Vine a la Casa de la Cultura porque me dijeron que aquí se iba a presentar el libro Prosas Leprosas, de un tal Enrique Ramos. Me lo dijeron por correo electrónico cada miércoles y yo prometí que vendría a la presentación. Y es que en plena agonía del empacho cibernético y al borde de la locura, yo estaba en plan de prometerlo todo. Y aquí estoy.
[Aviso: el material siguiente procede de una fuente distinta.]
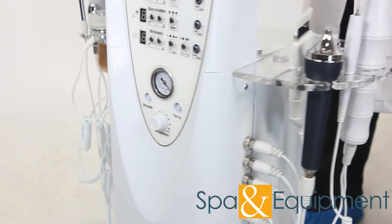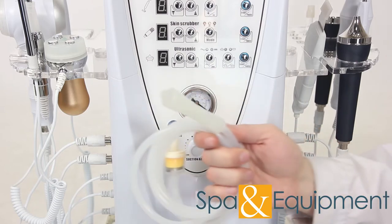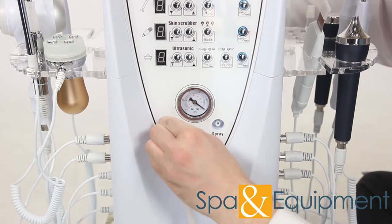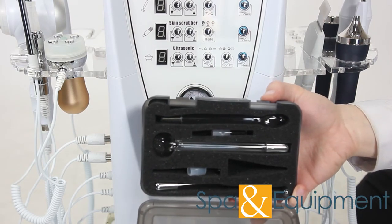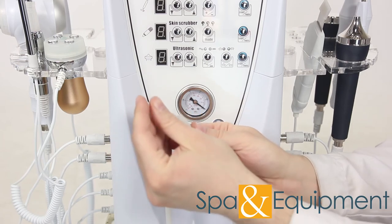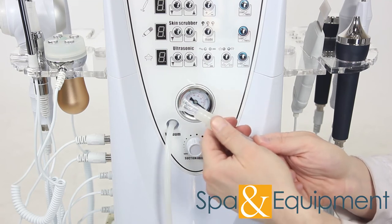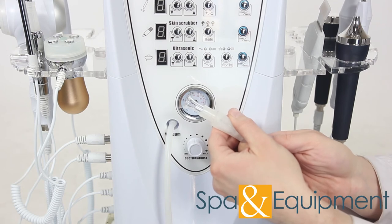Now let's move to the front of the unit. First we will connect the vacuum hose and handle. Take the hosing that has the yellow filter in the middle — the vacuum handle comes already attached. Take the other end of the tubing and attach it to the main unit. You'll find the vacuum handle tips in the same container as the high-frequency electrodes. You can attach a vacuum tip to the end of the handle by just pushing the tip onto the end of the handle. One thing to note about the vacuum handle is that there is a hole on the handle — this hole needs to be covered during a treatment if you want suction to occur. If the hole is uncovered, then there will be no suction.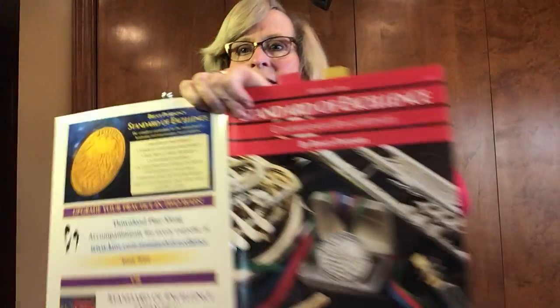Hello flute players. This is your video lesson number five. Make sure that you have your Red Standard of Excellence book handy and let's get started.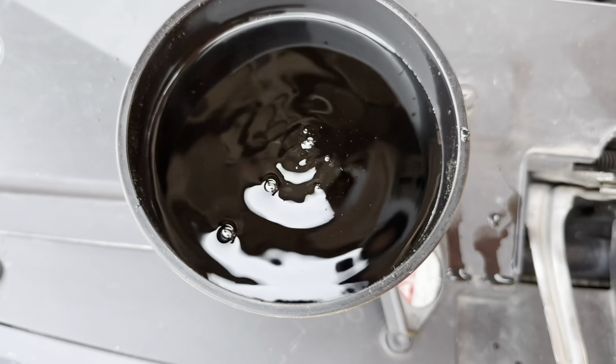Now fill up the new radiator coolant. Top up more coolant till it's totally full. Pinch or squeeze the hose four times or more till no bubbles show on the funnel. Repeat if bubbles still show up.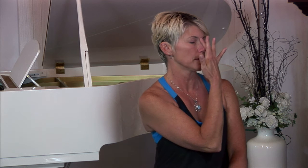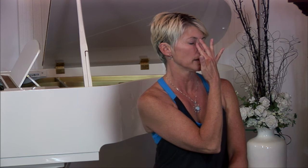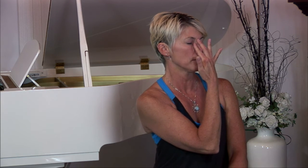Seated comfortably, simply spread your fingers and place your middle finger along the bridge of your nose, like so. With your fourth finger, block off the left side of your nostril. Take a few breaths through that right nostril. Then simply release the left nostril and gently block off the right nostril, and do the same thing here.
Les diré que para los que no nos cocemos ni al tercer hervor; o sea, los que cabalgamos a lomos de mula de 50 años —más los que se acumulen en la semana—, la lepra era, en nuestros años de la infancia descalza e indocumentada, el clon del fantasma que recorría Europa: un terror vestido con harapos, que dejaba a cada paso un trozo de su cuerpo sanguinolento que, en muchas formas —y como al gober Etilio, el macho más macho de Jalisco—, nos daba como asquito

Creo que eso tiene una explicación cinematográfica, según mis investigaciones: muchos años después, frente al libro Prosas Leprosas, todos nosotros habríamos de recordar aquella remota tarde en que nuestro hermano mayor nos llevó al Cine Río Mayo de Navojoa a ver la película “Santo contra los jinetes del terror”, una producción región cuatro en la que el héroe del pancracio —en un ambiente más western que las radios locales que nos contagian con rolas gruperronas— enfrentaba a una pandilla de leprosos que se escaparon de un sanatorio y empezaron a causar destrozos alrededor del pueblo. Algo así como lo que hacen ahora los jóvenes en una juntada de más de 10,000 asistentes un fin de semana cualquiera.

En aquellos años jipiosos de principios de los setenta, quienes vieron las películas de Santo, el enmascarado de plata, luchando contra ejércitos de leprosos (con el mismo fragor y entusiasmo con el que hoy los súper héroes y súper héroas —diría Fox— luchan contra cientos de miles de zombis en todas partes, menos en las calles de Óputo, donde no existen los zombies, nomás espantos y bultos) entenderán de lo que les hablo, pues la lepra era ni más ni menos que el apocalipsis de una vida greñuda, sana, basquetbolera y, en el peor de los casos, un tantito inclinada a uno o dos joins sicodélicos, necesarios para tratar de entender el significado del título de aquella canción del grupo Iron Butterfly: “In A Gadda Da Vida”, que dura la friolera de 17 minutos gay lussac, lapso en el cual uno puede contraer lepra y aliviarse tomando dosis obscenas de dapsona, rifampicina y clofazimina, según recomienda el Dr. Google.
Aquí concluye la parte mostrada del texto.